Through the work to bring materials from Women’s Studies into the rest of the

curriculum, I have often noticed men’s unwillingness to grant that they are over-

privileged, even though they may grant that women are disadvantaged. They may say

they will work to improve women’s status, in the society, the university, or the

curriculum, but they can’t or won’t support the idea of lessening men’s. Denials which

amount to taboos surround the subject of advantages which men gain from women’s

disadvantages. These denials protect male privilege from being fully acknowledged,

lessened or ended.



Thinking through unacknowledged male privilege as a phenomenon, I realized

that since hierarchies in our society are interlocking, there was most likely a

phenomenon of white privilege which was similarly denied and protected. As a white

person, I realized I had been taught about racism as something which puts others at a

disadvantage, but had been taught not to see one of its corollary aspects, white

privilege, which puts me at an advantage.



I think whites are carefully taught not to recognize white privilege, as males are taught

not to recognize male privilege. So I have begun in an untutored way to ask what it is

like to have white privilege. I have come to see white privilege as an invisible package of

unearned assets which I can count on cashing in each day, but about which I was

‘meant’ to remain oblivious. White privilege is like an invisible weightless backpack of

special provisions, maps, passports, codebooks, visas, clothes, tools and blank checks.

 Describing white privilege makes one newly accountable. As we in Women’s

Studies work to reveal male privilege and ask men to give up some of their power, so

one who writes about having white privilege must ask, “Having described it, what will I

do to lessen or end it?”



After I realized the extent to which men work from a base of unacknowledged privilege, I

understood that much of their oppressiveness was unconscious. Then I remembered

the frequent charges from women of color that white women whom they encounter are

oppressive. I began to understand why we are justly seen as oppressive, even when

we don’t see ourselves that way. I began to count the ways in which I enjoy unearned

skin privilege and have been conditioned into oblivion about its existence.

 My schooling gave me no training in seeing myself as an oppressor, as an

unfairly advantaged person, or as a participant in a damaged culture.
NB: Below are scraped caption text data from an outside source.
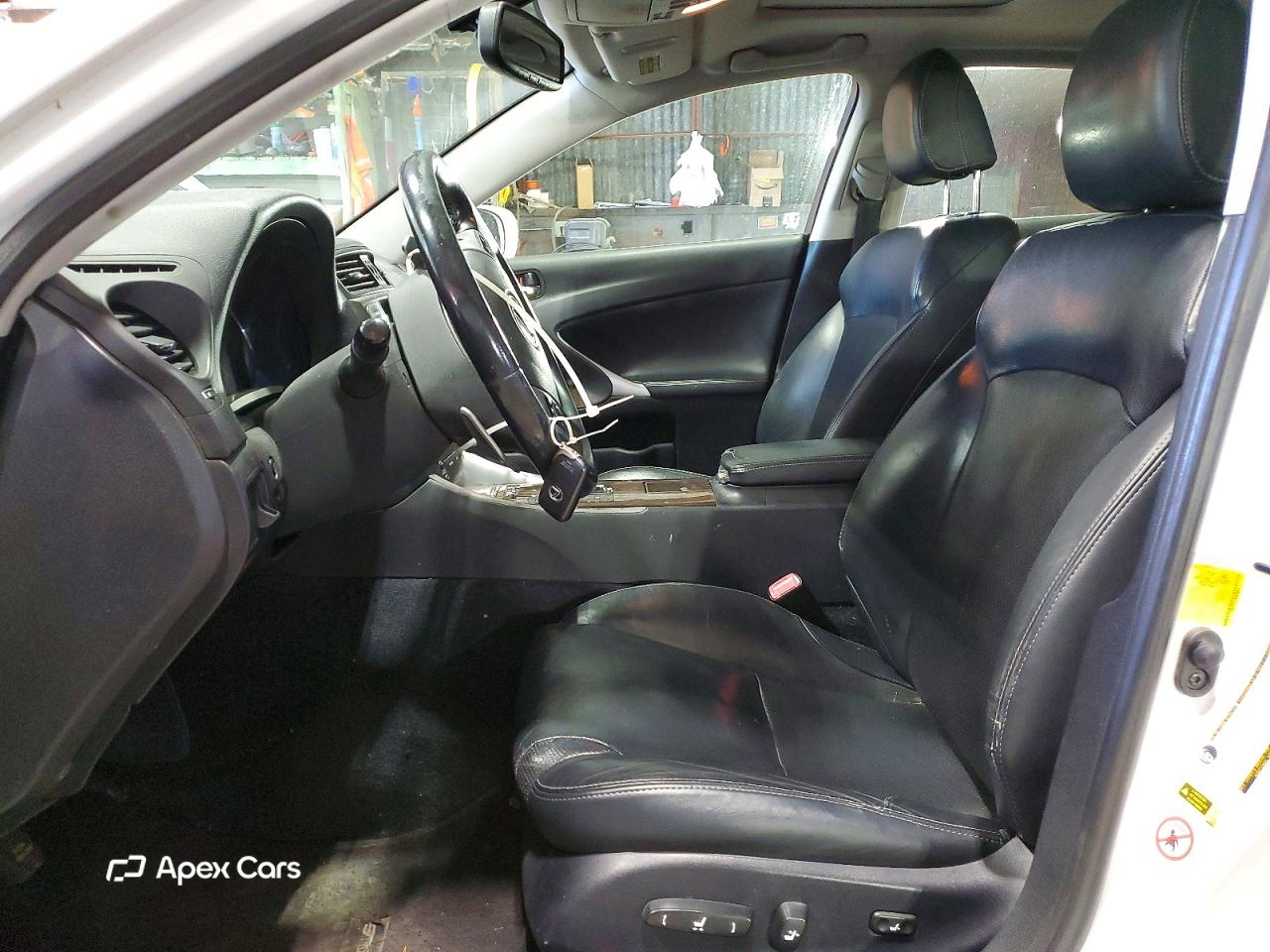 Lexus IS 2011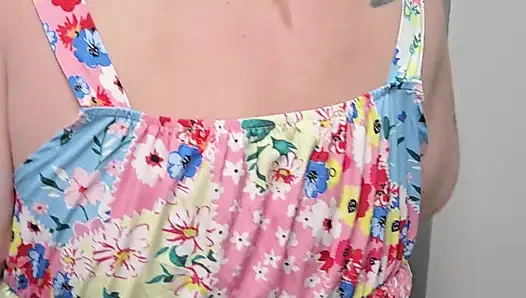 Шаловливая скачет на лифте, застукали ли ее?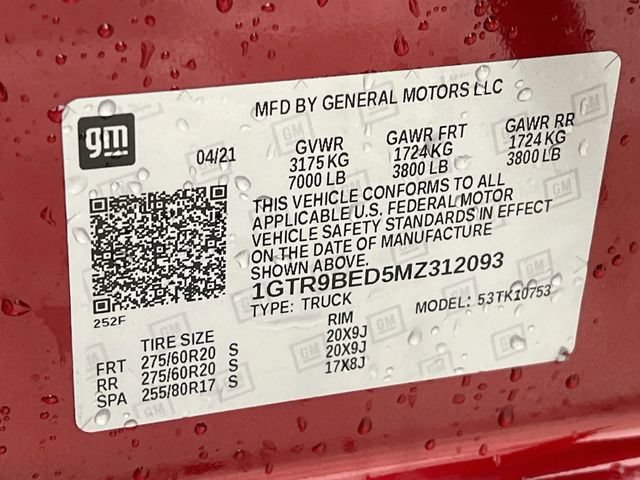 Used 2021 CAYENNE RED TINTCOAT GMC SLE image 12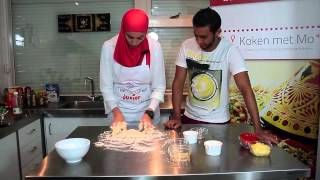 Koken met Mo Academy  Recept Mini calzones [upl. by Nujra432]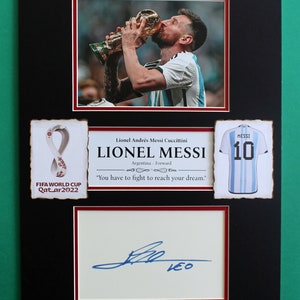 LIONEL MESSI AUTOGRAPH artistieke dubbele mat display Football Genius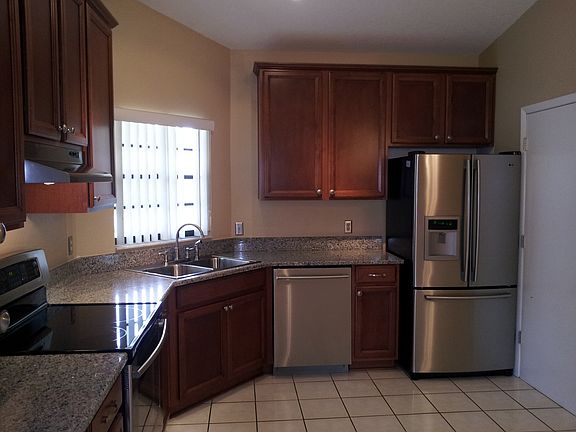 2nd image of 3624 Stonehaven Ct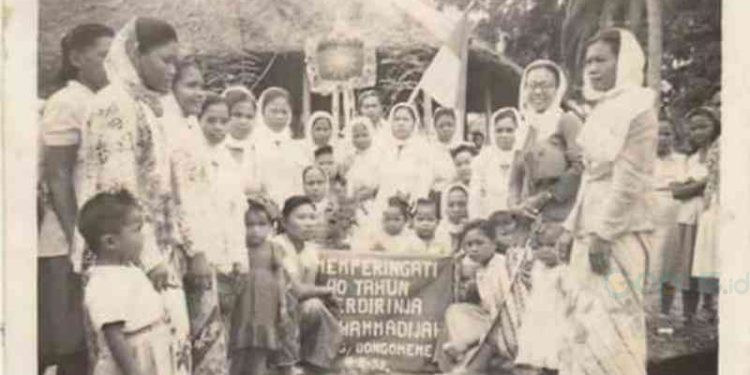 foto ibu-ibu pengurus Aisyiah Bongomeme saat Milad Muhammadiyah ke 40 (tahun 1952).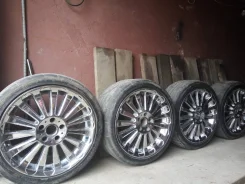 Zeus Line. 8.5/9.5x18", 5x114.3, ET35/35 ����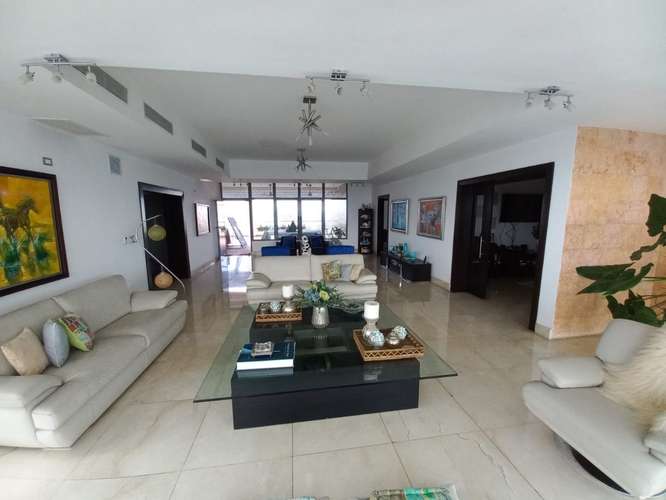 LUJOSO PENTHOUSE CON VISTA 360° EN SERRALLÉS   - Imagen 4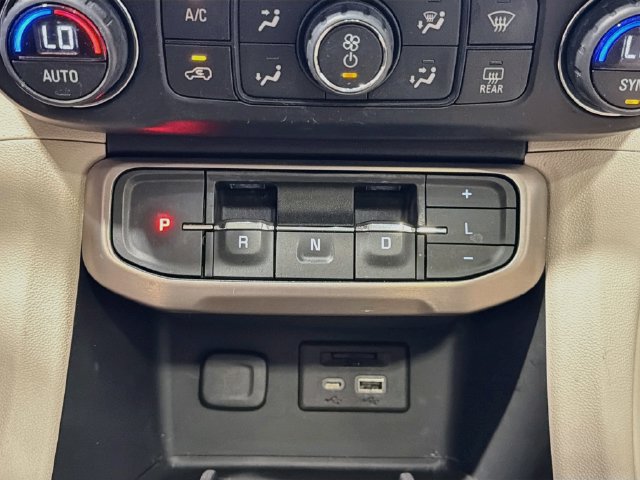 Certified 2022 GMC Acadia Denali w/ Denali Ultimate Package AWD/4WD image 16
I was taught to

see myself as an individual whose moral state depended on her individual moral will.

My schooling followed the pattern my colleague Elizabeth Minnich has pointed out:

whites are taught to think of their lives as a morally neutral, normative, and average,

also ideal, so that when we work to benefit others, this is seen as work which will allow

“them” to be more like “us.”



 I decided to try to work on myself at least by identifying some of the daily effects

of white privilege in my life. I have chosen those conditions which I think in my case

attach somewhat more to skin-color privilege that to class, religion, ethnic status, or

geographical location, though of course all these other factors are intricately

intertwined. As far as I can see, my African American co-worker, friends and

acquaintances with whom I come into daily or frequent contact in this particular time,

place, and line of work cannot count on most of these conditions.


  1. I can if I wish arrange to be in the company of people of my race most of the

    time.

  2. If I should need to move, I can be pretty sure of renting or purchasing

    housing in an area which I can afford and in which I would want to live.

  3. I can be pretty sure that my neighbors in such a location will be neutral or

    pleasant to me.

  4. I can go shopping alone most of the time, pretty well assured that I will not

    be followed or harassed.

  5. I can turn on the television or open to the front page of the paper and see

    people of my race widely represented.

  6. When I am told about our national heritage or about “civilization,” I am

    shown that people of my color made it what it is.

  7. I can be sure that my children will be given curricular materials that testify to

    the existence of their race.

  8. If I want to, I can be pretty sure of finding a publisher for this piece on white

    privilege.

  9. I can go into a music shop and count on finding the music of my race represented,

    into a supermarket and find the staple foods which fit with my cultural traditions,

    into a hairdresser’s shop and find someone who can cut my hair.

  10. Whether I use checks, credit cards, or cash, I can count on my skin color not to

    work against the appearance of financial reliability.

  11. I can arrange to protect my children most of the time from people who might

    not like them.

  12. I can swear, or dress in second hand clothes, or not answer letters, without

    having people attribute these choices to the bad morals, the poverty, or the

    illiteracy of my race.

  13. I can speak in public to a powerful male group without putting my race on trial.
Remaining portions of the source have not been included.